The paper addresses a serious problem faced nowadays by developers of applications that try to access data from autonomous information sources available on the Web. Such information sources typically do not support all possible queries against their data due to commercial, privacy, or efficiency reasons. For instance, Amazon.com allows applications to retrieve all corresponding titles given an author name, but rejects queries which list the entire book catalog. The prevalent mechanism used for supporting only a restricted set of queries is to package them as Web services. Past works have shown how integration software can automatically find ways to answer feasible queries, i.e., queries that can be answered by combining and filtering the results of multiple service calls. The problem is that developers of integration applications need to formulate feasible queries; infeasible queries were previously rejected without any explanatory feedback, trapping developers in a frustrating trial-and-error cycle.
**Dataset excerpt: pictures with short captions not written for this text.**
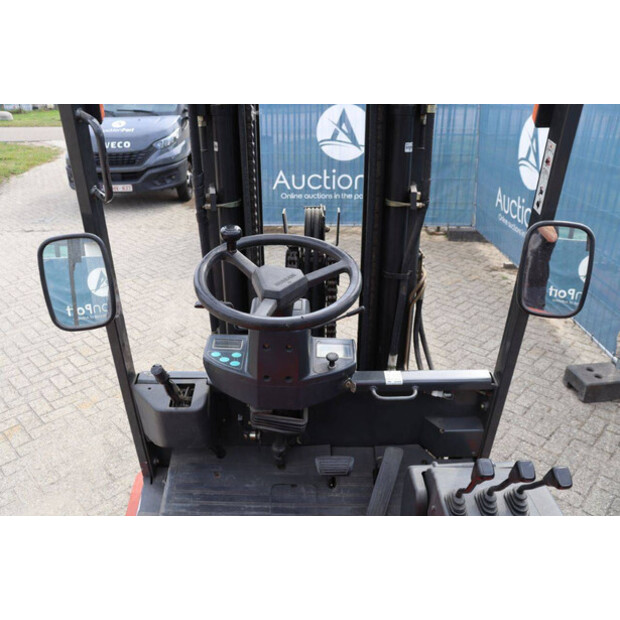 2002 نيسان G002L-30CU-42103680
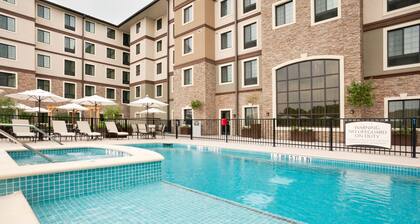 1 Bedroom | Outdoor Pool and Hot Tub + Free Wifi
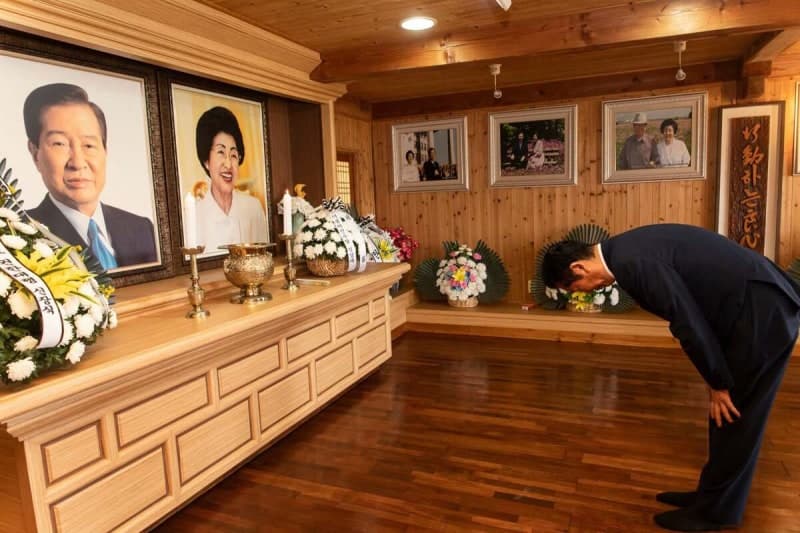 정청래, DJ 생가 방문 "김대중처럼 생각하고 행동하겠다"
The paper solves this problem by introducing the CLient guIDE (CLIDE) visual interface which guides the developer toward formulating feasible queries. During the interaction with the developer, the interface uses a color scheme to suggest at each step how the query under construction can be edited to eventually yield a feasible query. The interface is designed to enable an optimal interaction with the developer in a precise sense which is formalized based on the following principles: CLIDE guarantees that the suggested query edit actions are

     a. complete  (i.e. each feasible query can be built by following only suggestions),
     b. rapidly convergent (the suggestions are tuned to lead to the closest feasible completions of the query) and
     c. suitably summarized (at each interaction step, only a minimal number of actions needed to preserve completeness are suggested).


The other SIGMOD/PODS 2006 papers (co-)authored by UCSD DB Lab members are listed below.

Full research papers

    Nicola Onose, Alin Deutsch, Yannis Papakonstantinou, Emiran Curtmola:
    Rewriting nested XML queries using nested views.
    SIGMOD 2006

    Sihem Amer-Yahia, Emiran Curtmola, Alin Deutsch:

    Flexible and efficient XML search with complex full-text predicates.
    SIGMOD 2006

    Georg Gottlob, Alan Nash:

    Data exchange: computing cores in polynomial time.
    PODS 2006

    Alin Deutsch, Liying Sui, Victor Vianu, Dayou Zhou:

    Verification of communicating data-driven web services.
    PODS 2006


System demonstration papers

    Heasoo Hwang, Vagelis Hristidis, Yannis Papakonstantinou:
    ObjectRank: a system for authority-based search on databases.
    SIGMOD 2006

    Alin Deutsch, Liying Sui, Victor Vianu, Dayou Zhou:
    A system for specification and verification of interactive, data-driven web applications.